Reducing uncertainty, increasing complexity.
Each April, most Americans file their income tax returns for the previous year. By this time next year, in April 2014, you'll be filing your tax return for 2013--and the rules will be governed by the American Taxpayer Relief Act of 2012, the last minute deal that averted the so-called "fiscal cliff."
The good news is that large portions of this new law are permanent, or at least as permanent as any tax law can be. The major portions of the law won't "sunset," so the nation won't have to relive the uncertainty about tax law that captured headlines in December 2010 and December 2012.
In addition, many taxpayers will not face major changes under the new law. It's true that Social Security payroll taxes will rise for all workers, but that partial "holiday" was a temporary measure in effect during 2011 and 2012 to spur a slow economy. The income and estate tax benefits from earlier in this century largely remain in effect.

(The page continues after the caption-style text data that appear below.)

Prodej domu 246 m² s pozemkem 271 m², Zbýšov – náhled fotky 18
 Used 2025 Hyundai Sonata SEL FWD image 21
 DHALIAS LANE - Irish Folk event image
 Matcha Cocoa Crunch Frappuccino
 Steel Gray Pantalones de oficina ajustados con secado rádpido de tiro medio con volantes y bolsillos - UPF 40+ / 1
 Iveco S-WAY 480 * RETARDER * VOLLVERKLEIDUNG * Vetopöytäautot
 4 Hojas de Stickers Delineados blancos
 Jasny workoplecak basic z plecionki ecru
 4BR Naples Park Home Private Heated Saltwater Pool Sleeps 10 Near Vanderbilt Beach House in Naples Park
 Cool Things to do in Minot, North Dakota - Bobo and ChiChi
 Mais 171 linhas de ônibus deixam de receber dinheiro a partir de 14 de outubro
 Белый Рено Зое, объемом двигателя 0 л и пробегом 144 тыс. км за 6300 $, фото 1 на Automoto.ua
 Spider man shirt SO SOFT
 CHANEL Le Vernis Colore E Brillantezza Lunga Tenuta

The catch? Taxpayers with higher incomes face a variety of higher taxes. Those taxes are imposed at different levels of income and on different types of income: adjusted gross income (AGI), modified adjusted gross income (MAGI), and taxable income. Owners of S corporations and limited liability companies (LLCs) who report business net income on their personal tax returns may be especially vulnerable to the higher rates. Similarly, taxpayers who report much higher income in a given year, perhaps because of a Roth IRA conversion or an asset sale, might have to wrestle with the higher rates and increased complexity of the new law.